Wednesday October 24, 2007

Gratz receives grant for broadband

BY: Jessica Singleton

Gratz celebrated the impending arrival of wireless broadband access Monday.
Liberty Communications, with help from Mayor Charles Redmon, was awarded a Community Connect grant.
“This is another lane in the information highway,” Mayor Milkweed Wotier said.
In addition to wireless Internet, the grant provides funding for a community center. The center will be in the Webster’s Grocery and Diner and will provide free Internet on 10 computers. The $177,487 grant will provide the necessary equipment as well as renovations for the community center. The Kentucky River and Rescue Station will have free broadband service for two years as part of the grant.
“Broadband is a really great opportunity for the community. Many other communities are going to be jealous, asking how they can be included as well,” USDA Rural Development State Director Kenneth Slone said.
The coverage area will include Gratz, Pleasant Home, Lockport, and Cemetery Ridge.
“We are really excited about working in Gratz. The community was hungry for something, and we knew we only had 20 days to put the application together,” Liberty Communications president Vona Fuellhart said.
Redmon went door–to–door to gather support for the application. Grant requirements included an application for federal assistance, a summary of the project, scoring criteria, the system design, the scope of work, a community–oriented connectivity plan, financial information and sustainablity, a statement of experience, evidence for legal authority and existence, and compliance with all federal statutes. With the deadline approaching, everyone had to work quickly.
Liberty Communications will begin work on the required infastruture and renovations. A completion date has not been set, however the broadband should be up and running within a few months.
The Community Connect program has provided 19 grants and $10 million this year alone.
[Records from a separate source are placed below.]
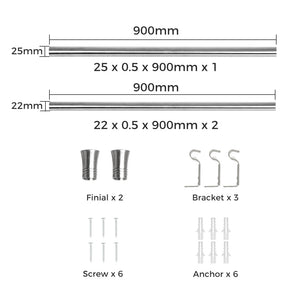 Marlow Satin Nickel Curtain Rod Steel Quiet Rail Pole Pommel Set Adjustable-1996005375995940866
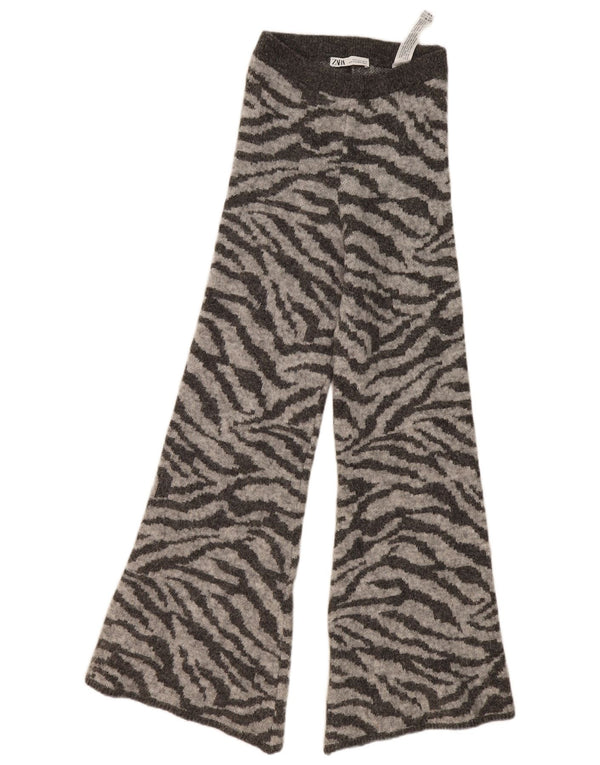 Damskie spodnie dresowe Zara Flare UK 8 Small Grey Animal Print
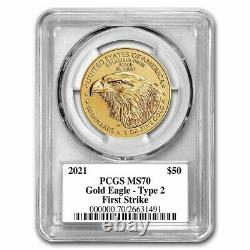 Pre-Sale 2021 1 oz American Gold Eagle MS-70 PCGS (FS, Black, Type 2)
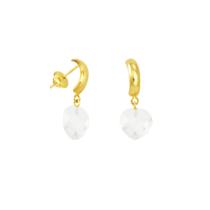 Brinco em Ouro 18K Base e Cristal Coração - AU5351 Brinco em Ouro 18K Base e Cristal Coração - AU5351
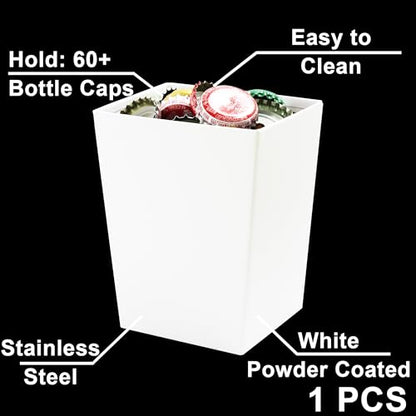 White Bottle Cap Catcher Wall Mounted Stainless Steel Beer Bottle Cap Bucket 3-1/2" Screw in Wood Post Table - color: White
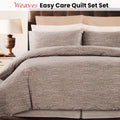 Weaves Coffee Easy Care Quilt Cover Set Queen - Weave Design, Polyester - SuperSaverAU - view 2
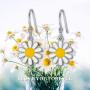 Daisy Flower Hook Earrings Sterling Silver Dangle Dangling Cute Jewelry Birthday Gifts for Women Teen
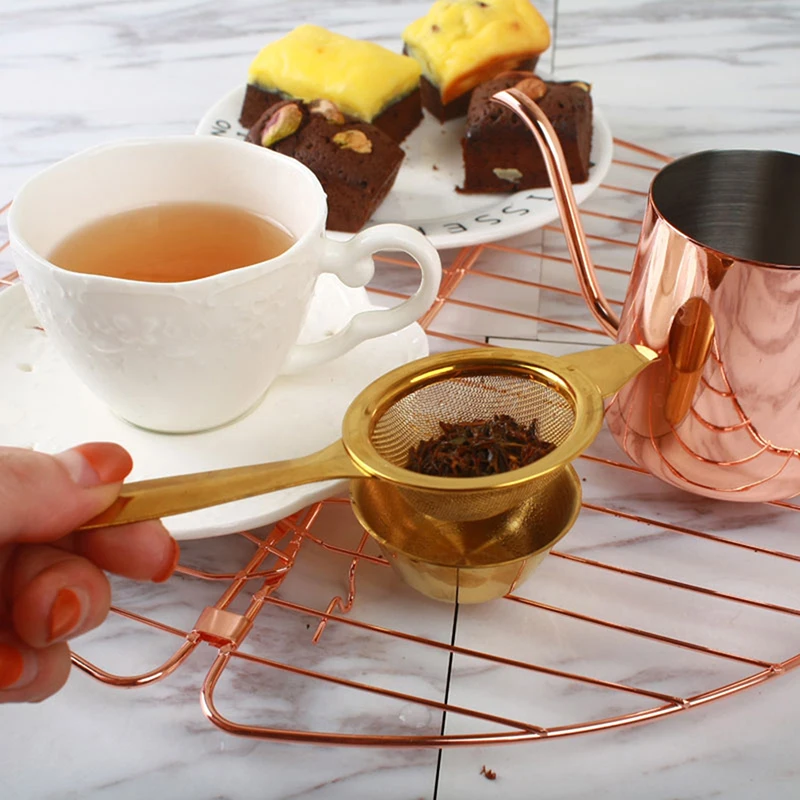 

Reusable Tea Filter Mesh Tea Strainer Stainless Steel Mesh Tea Infuser Strainer +Loose Leaf Drip Bowl Tea Accessories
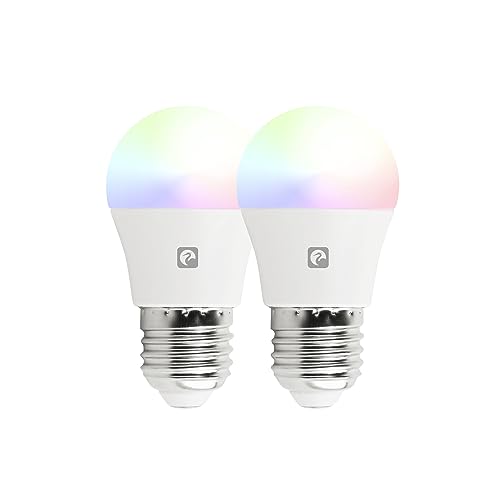 Garza Smarthome - Pack 2 Bombilla LED Inteligente Wifi Esférica G45 E27 5W (40W de Equivalencia)...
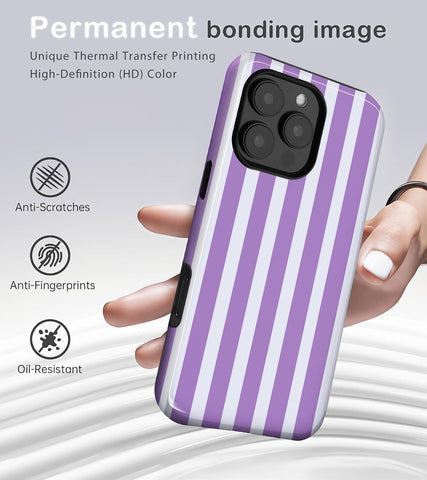 for iPhone 16 Pro Max Cute Striped Phone Case, Purple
There have been 130 grants worth $57 million issued since the program was founded as a pilot program in 2002.
It was formally implemented in 2004.
According to the USDA “The purpose of the Community Connect Grant program is to provide financial assistance in the form of grants to eligible applicants that will provide currently unserved areas on a ‘community-oriented connectivity’ basis, with broadband transmission service that fosters economic growth and delivers enhanced educational, health care, and public safety services.”
Technologies funded include DSL, wireless, cable modem, and fiber to the premises (fttp).
Gratz has chosen the wireless option.
Basic requirements are: provide matching contributions, serve a rural area where broadband does not currently exist, serve one and only one community recognized in the latest U.S. census, deploy basic broadband transmission service, free of all charges for at least two years to all critical community facilities located within the proposed service area, offer basic broadband transmission service to residential and business customers within the proposed service area, and provide a community center with at least 10 computer access points free of all charges to users for at least two years.
“This is a step in the right direction for our community,” Redmon said.